A strong regional regulatory framework is necessary to act as a counterweight to the influence large incumbent operators have over national regulatory bodies, where they are more likely to push anti-competitive policies  favoring themselves.

The agreement represents a compromise.  Major telecom operators had asked for provision for cost-sharing for deploying next-generation networks. Countries like the UK and Sweden had been pushing for language on ‘functional separation’, requiring the separation of infrastructure companies into two units: services and network activities. Ultimately, these two measures were not included in the draft proposal.

For Pacfic nations, these developing events represent a roadmap for what integration of regulatory efforts in our part of the world might look like.  The EU is not the only model.

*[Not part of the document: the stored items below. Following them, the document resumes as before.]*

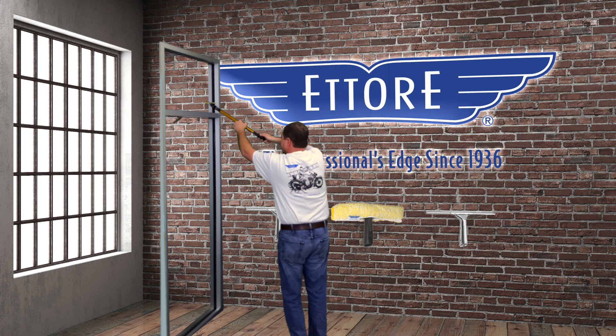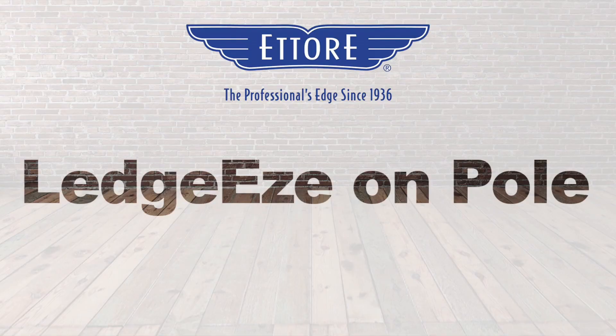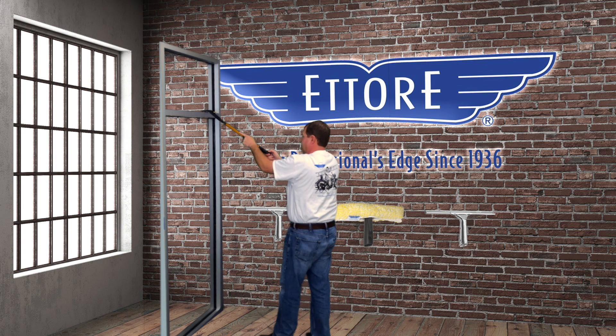Look how high the pole has to come in order to close out on a regular squeegee. Now with the Leges on the pole, watch the pole — see where it ends up to close out the same glass.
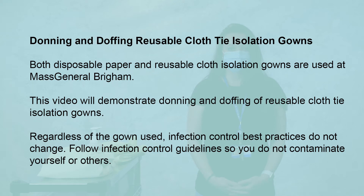Donning and Doffing Reusable Cloth Isolation Gowns. Both disposable paper and reusable cloth isolation gowns are used at Mass General Brigham. This video will demonstrate donning and doffing of reusable cloth isolation gowns.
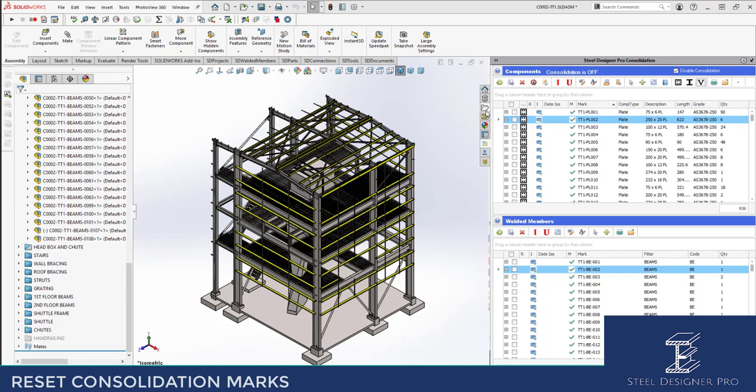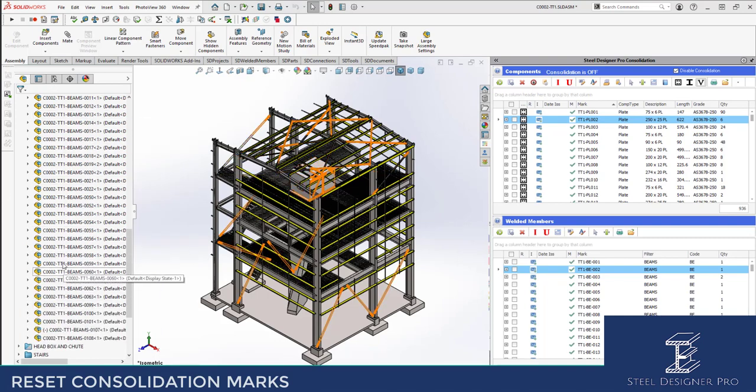We've also got the same thing for welded members. You can reset your welded members. In most cases, if you do reset your welded members, they will most likely stay the same depending on your tree structure order.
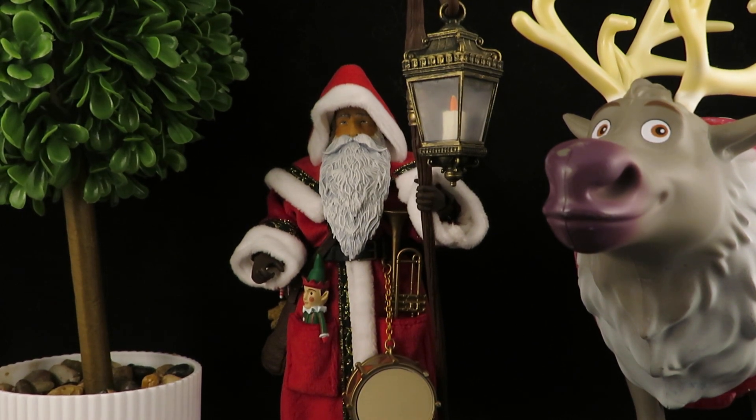Hey guys, this is SolRag333 with another review. Here I have the Four Horsemen Mythic Legions Figura Obscura Father Christmas. I got this right before Christmas, so Merry Christmas in April — this guy's pretty cool.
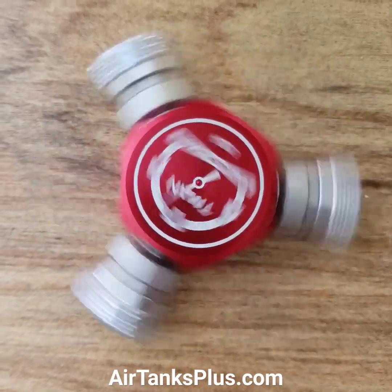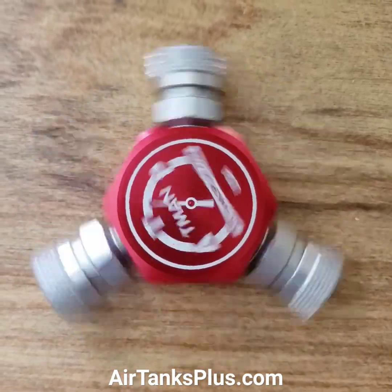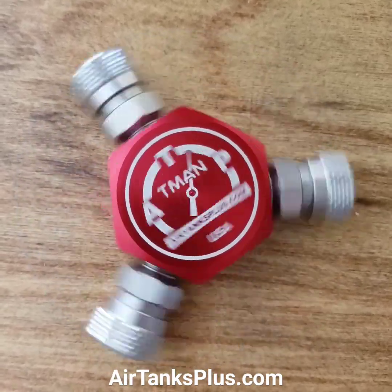What is this spinning object? Hi guys, this is Roger from AirTanksPlus.com. This is one of our cool little products that I'd like to show you, and you'll see what it is in just a moment.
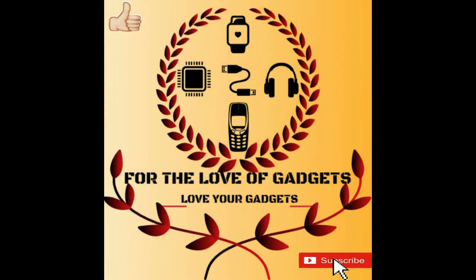So friends, I hope you liked this video. Please like, share, comment, subscribe, and click the bell icon for all notifications. Thank you.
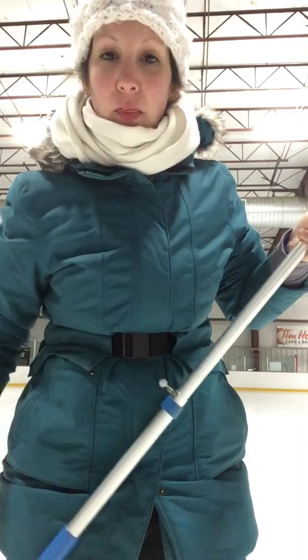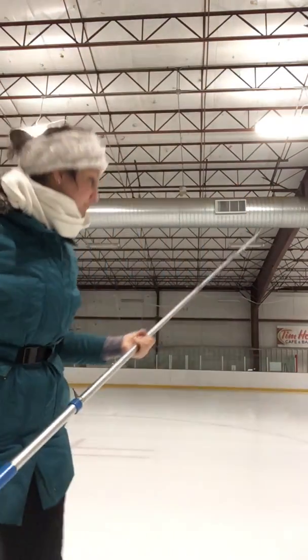I went ahead and put it up to 102 because that's my number, and then I'm going to go scribe the circle.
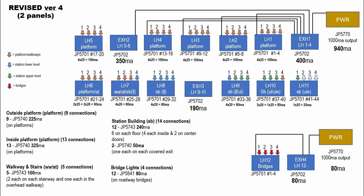The station building has 14 connections — there are six on each floor, four inside and two each on the center doors, and that's both on the bottom floor and the top floor. The main difference is on the upper floor there are covered walkways, and those have two of the stick-on 5740 lights. The bridge lights we'll worry about another time — they're a little different than the lights I used on the station building and the platform.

ECTELThe Eastern Caribbean Telecommunitions Authority (ECTEL) was established by the Governments of five Eastern Caribbean states (Commonwealth of Dominica, Grenada, Saint Christopher and Nevis, Saint Lucia, Saint Vincent and The Grenadines) to promote market liberalisation and competition in telecommunications of the contracting states.

The Authority’s work to promote competitive practices can serve as a model to the nations of the Pacific.  Having undertaken the liberalisation process in the late 1990s, the institution offers almost ten years of experience and knowledge to the island nations of the South Pacific.

In their most recent newsletter (1mb PDF), ECTEL weighs in on Interconnection rates an issue of some significance to regulatory bodies in the Pacific. Interconnection rates are defined as:

the rate that consumers pay for calls to persons using a different network. The retail rate for making a call to another network consist of the cost of interconnection (this is paid to the operator on the network being called) plus the cost to your provider for offering you his services.

ECTEL has recommended that carriers only charge each other what it costs them to carry the call and has done the research to ascertain what that cost-pricing structure would like.

I have stated quite consistently that as a late-comer to the telecom liberalisation party, the nations of the Pacific have the benefit of studying experiences in countries from all over the world.  By understanding developments in other regions, we can make much more informed decisions on how to pursue competition policy and greater regional harmonization on policy.